342504 – Add possibility to copy formulas as MATHML/Latex Math/OO Math

Bug 342504 - Add possibility to copy formulas as MATHML/Latex Math/OO Math

Summary: Add possibility to copy formulas as MATHML/Latex Math/OO Math

Status:	REPORTED

Alias:	None

Product:	okular
Classification:	Applications
Component:	PDF backend (other bugs)
Version First Reported In:	0.20.2
Platform:	Other Linux

Importance:	NOR wishlist
Target Milestone:	---
Assignee:	Okular developers

URL:
Keywords:

Depends on:
Blocks:

Reported:	2015-01-05 12:20 UTC by Christoph Thielecke
Modified:	2015-01-05 20:36 UTC (History)
CC List:	2 users (show)

See Also:
Latest Commit:
Version Fixed/Implemented In:
Sentry Crash Report:

Attachments
Add an attachment

Note You need to log in before you can comment on or make changes to this bug.

Description Christoph Thielecke 2015-01-05 12:20:14 UTC

It would be nice if there is a possibility to copy a certain text (which is a formula) as formula (detect and convert) and let return the specfic formula syntax text to clipboard.
Possible target formats should be MATHML, Latex.
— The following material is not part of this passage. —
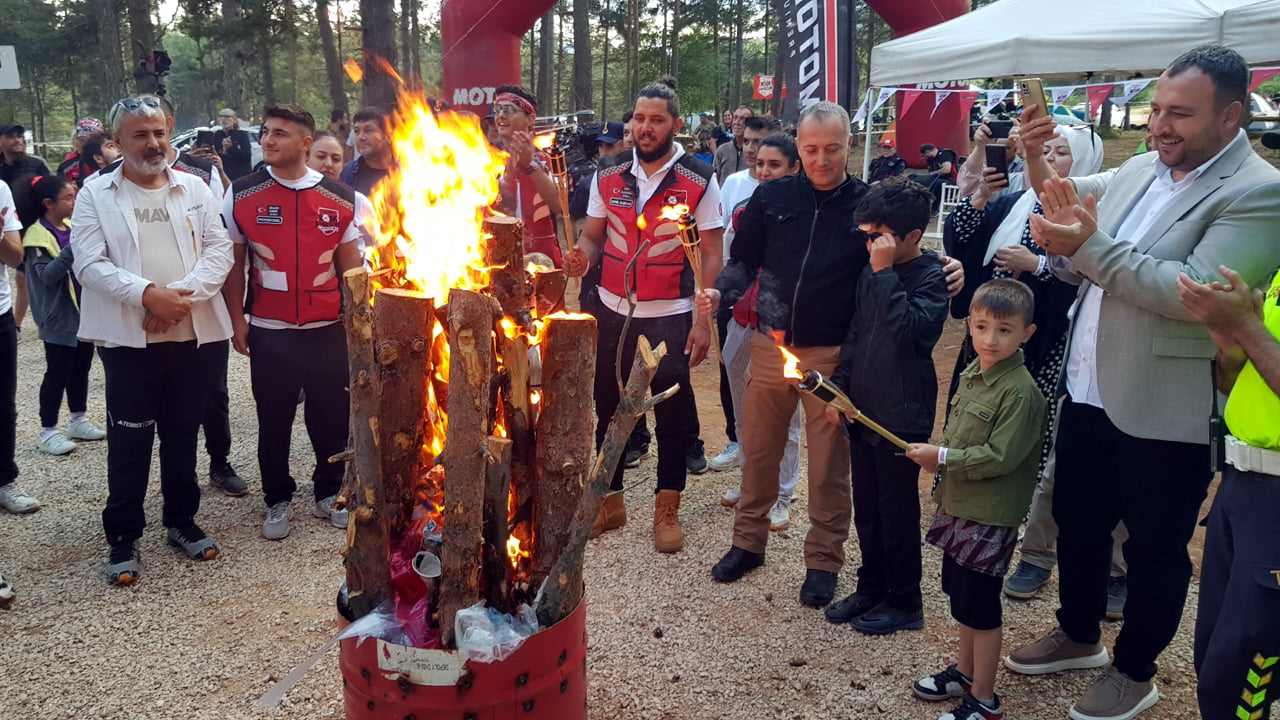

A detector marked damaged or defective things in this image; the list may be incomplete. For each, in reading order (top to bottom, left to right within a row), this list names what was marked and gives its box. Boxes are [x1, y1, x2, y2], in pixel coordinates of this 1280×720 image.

Another possible candidate is LibreOffice /OpenOffice math.

From user perspective, I expect to select the select function and have addional entries like under "Text": copy as MATHML to clipboard, copy as Latex to clipboard, copy as LibreOffice Math to clipboard

Reproducible: Always

Comment 1 Christoph Feck 2015-01-05 20:17:44 UTC

Is there any other software able to extract formulas from PDF? To me it looks like a very hard problem, as soon as the formulas use multiple levels of text (fractions etc.)

Comment 2 Yuri Chornoivan 2015-01-05 20:36:31 UTC

(In reply to Christoph Feck from comment #1)
> Is there any other software able to extract formulas from PDF? To me it
> looks like a very hard problem, as soon as the formulas use multiple levels
> of text (fractions etc.)

MaxTract (development canceled) can do the extraction directly.

http://www.cs.bham.ac.uk/research/groupings/reasoning/sdag/maxtract.php

Infty Reader can do it using OCR.

Some thoughts on the problem can be found here (my tests confirm the conclusions of this paper and nothing seems changed from 2011):

http://www.cs.bham.ac.uk/~aps/research/papers/pdf/BaSeSoSu-ICDAR11-ComparingApproachesToMathematicalDocumentAnalysisFromPDF.pdf

IMHO, it is hard to expect that free OCR engines like Ocropus/Tesseract can solve the problem in the nearest future. At least, I failed to train Tesseract in recognition of even rather simple formulas.